Lesson to be learned: Parallel computation is only useful for sufficiently large jobs.

NOTE: Parallel does not (necessarily) mean faster!!! Parallel execution introduces overhead (starting threads, communication)! For optimal execution time and optimal use of resources one needs to test and find the sweet spot.

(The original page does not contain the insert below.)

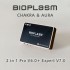 2 in 1 Bioplasm NLS include V6 and V7 version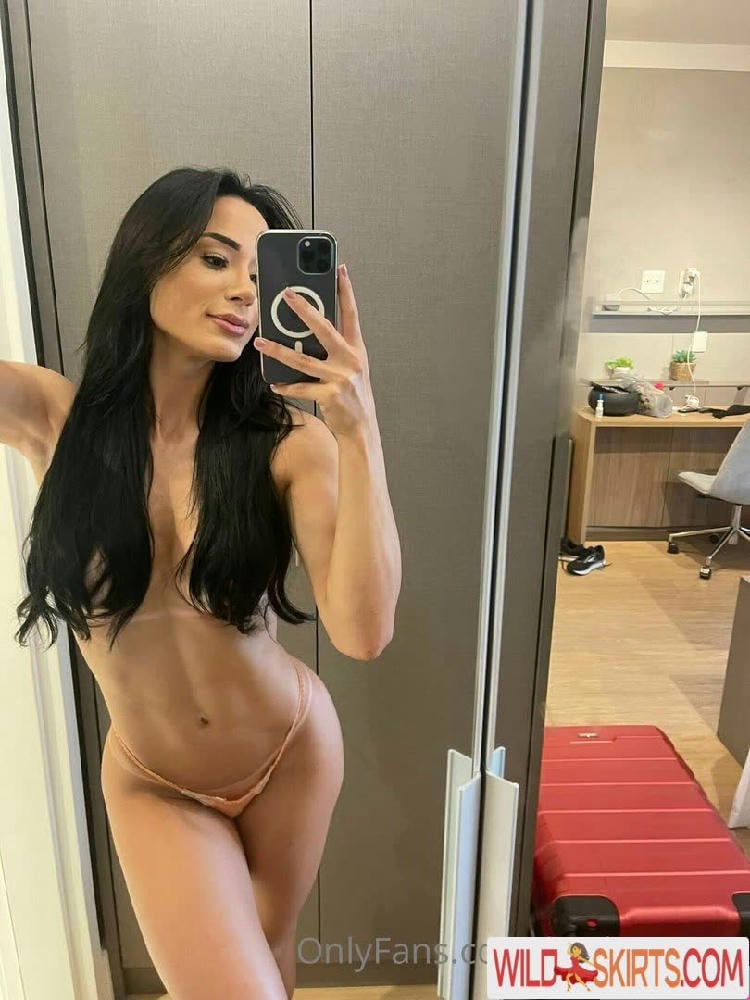 Bruna Luccas / bruluccas / bruluccas25 nude OnlyFans, Instagram leaked photo #51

sweet spotsweet spotsweet spot

The division into the areas is a combined decision taking into account “real” (wall clock) and “user” (summed time of all threads) time (from the time command). “Wall clock” (real) time is the time one needs to wait till the job is finished, “Summed thread time” (user) is the sum of the times that all individual threads needed, it should be roughly user = numtreads x real. For parallel programs, one can expect that “user” time of the parallel run is larger than for the sequential, due to communication overhead, if it is smaller, that probably means the individual threads could make better use of cache.

area why explanation
sweet spot minimal "user" time = minimal heat production, optimal use of resources
good range linear speedup for "real", with constant or slightly increasing "user"
OK range slightly less than linear speedup for "real", and slightly increasing "user"
avoid ascending slope in the diagram for "real" and "user" one actually needs to wait longer compared to the case with fewer cores

Recommended in this case would be to request 8 threads -n 8 --ntasks-per-node 8 but use mpirun -n 4. OpenFOAM does not seem to benefit from hyperthreading.